Does your child habitually cry, yell and swing his or her arms and legs viciously? Does he or she bite, hit and/or pinch? If yes, your child may be having yet another temper tantrum. Research suggests temper tantrums in infants may signal early mental health problems.

Mental health experts at Northwestern University created a questionnaire exclusively designed to determine moderate to severe misbehavior among children. This questionnaire will be able to predict and identify mental health problems as well as assist physicians to provide early treatment. Early treatment is essential to ward off chronic mental health problems in the future.

The Multidimensional Assessment of Preschool Disruptive Behavior (MAP-DB) was designed to ask parents nearly 1,500 questions about their child's behavior. The questions include frequency, quality and severity of temper tantrums as well as anger management skills.

The study, led by Lauren Wakschlag, professor of medical social sciences at Northwestern's Feingberg School of Medicine, disproved the myth that temper tantrums are a normal part of growing up. In fact the study states temper tantrums are not as frequent as many are led to believe. Wakschlag discovered less than 10 percent of children have daily fits. This figure is the same among girls and boys, underprivileged, privileged, Hispanic, white and African-American children.

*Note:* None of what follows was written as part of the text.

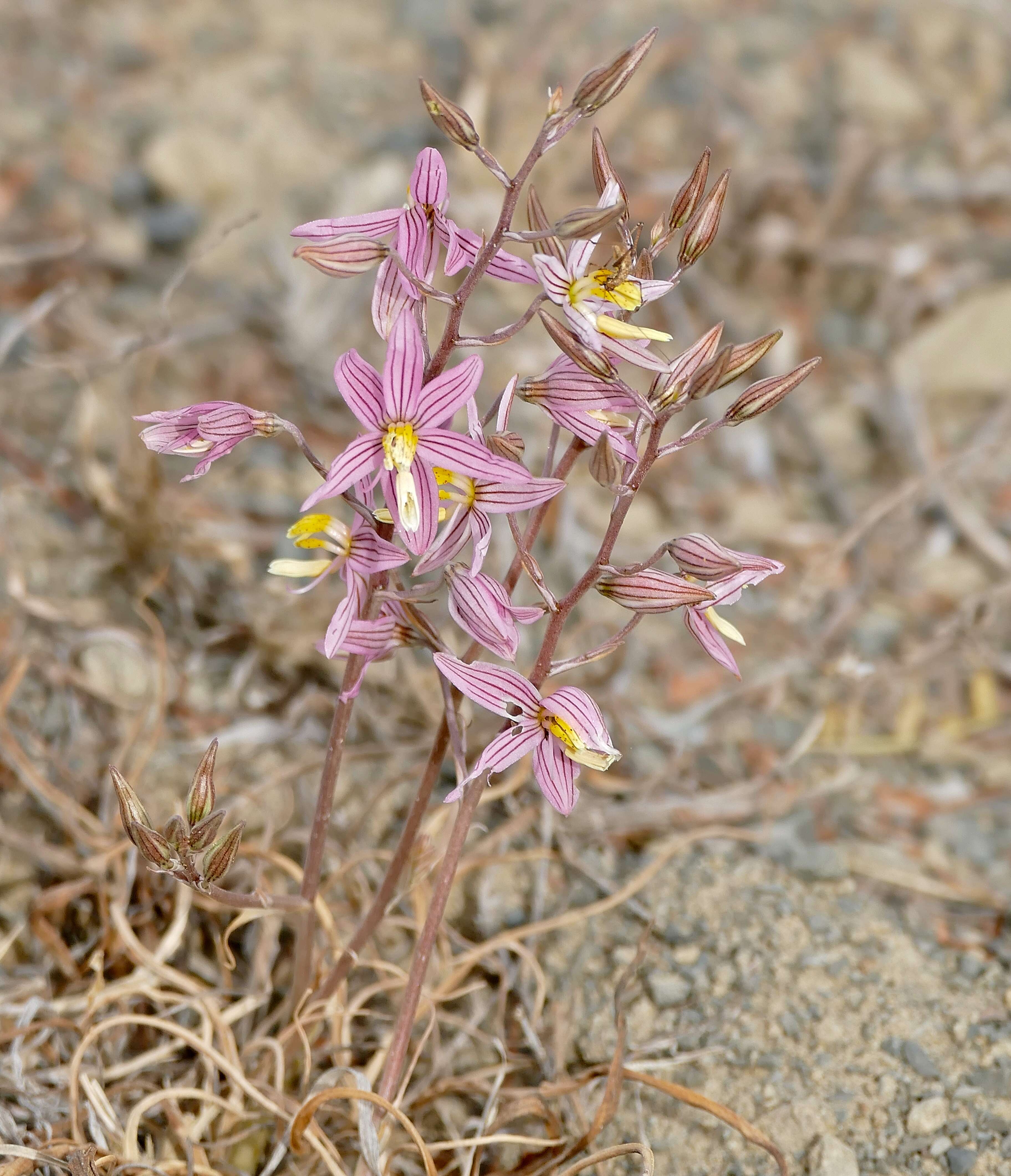 Image of Cyanella lutea subsp. rosea (Eckl. ex Baker) J. C. Manning & Goldblatt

Researchers were able to measure children along a scale of behavior from typical to atypical. An atypical tantrum may be one that occurs less frequently and unexpectedly, or so intense the child is left exhausted. Typical outbursts may occur during daily routines such as bedtime, dinnertime, when a child is tired or frustrated.

Parents should be concerned when atypical tantrums occur frequently.

Here are a few tips to handle tantrums:

- Ignore the tantrums in order to help your child to understand and learn how to deal with anger/frustration.

- Pay attention to what triggers the tantrums.

- Use timeouts in order to give your child time to calm down

If tantrums continue to persist and are out of control, seek medical intervention.

The study was published in The Journal of Child Psychology and Psychiatry.